▶ [EXERCISE OBJECTIVE]:
Make an exact copy of the entries below, with all images left out.

::: DATA SUPPLIED

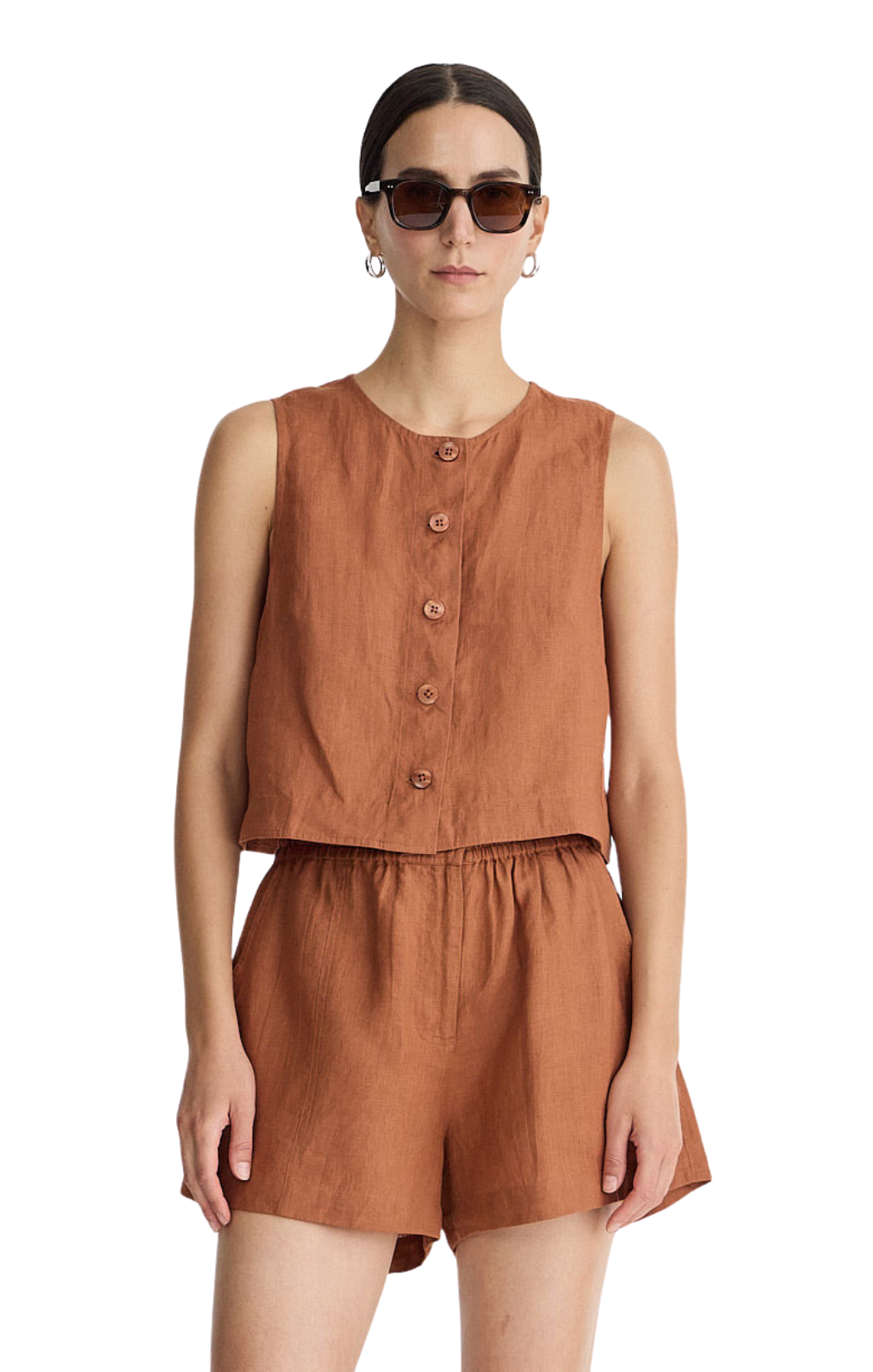 Botton front linen tank 
Color: Harissa
Material: 100% Linen
Sleeveless design
Relaxed fit
Apiece Apart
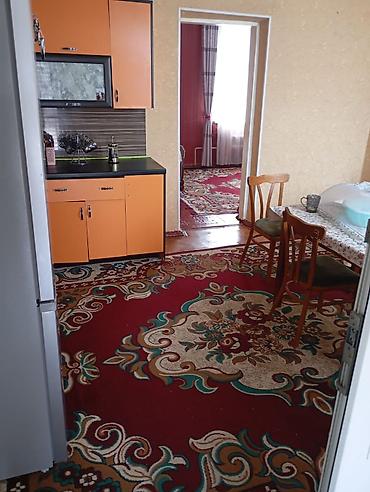 Продажа коттеджей и домов: Продаётся дом в Кара Балте. Барачного типа с закрытым двором.Адрес — 5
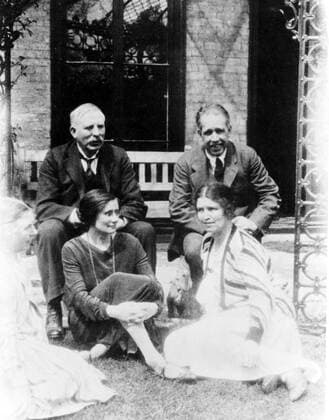 Lord Ernest Rutherford (1871-1937) and Lady Rutherford, Niels Bohr and Mrs Bohr. Rutherford was an English physicist who investigated radioactivity and the structure of atoms. Local Caption Scientist Breakthrough 150. Mono Print !AUFNAHMEDATUM GESCHÄTZT! UnitedArchives0793362
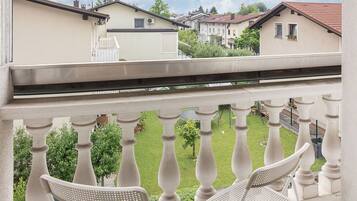 Chambre Double Confort, salle de bains commune | 1 chambre, décoration personnalisée, ameublement personnalisé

::::::

▶ [RESPONSE TO THE EXERCISE]:
 Botton front linen tank 
Color: Harissa
Material: 100% Linen
Sleeveless design
Relaxed fit
Apiece Apart
 Продажа коттеджей и домов: Продаётся дом в Кара Балте. Барачного типа с закрытым двором.Адрес — 5
 Lord Ernest Rutherford (1871-1937) and Lady Rutherford, Niels Bohr and Mrs Bohr. Rutherford was an English physicist who investigated radioactivity and the structure of atoms. Local Caption Scientist Breakthrough 150. Mono Print !AUFNAHMEDATUM GESCHÄTZT! UnitedArchives0793362
 Chambre Double Confort, salle de bains commune | 1 chambre, décoration personnalisée, ameublement personnalisé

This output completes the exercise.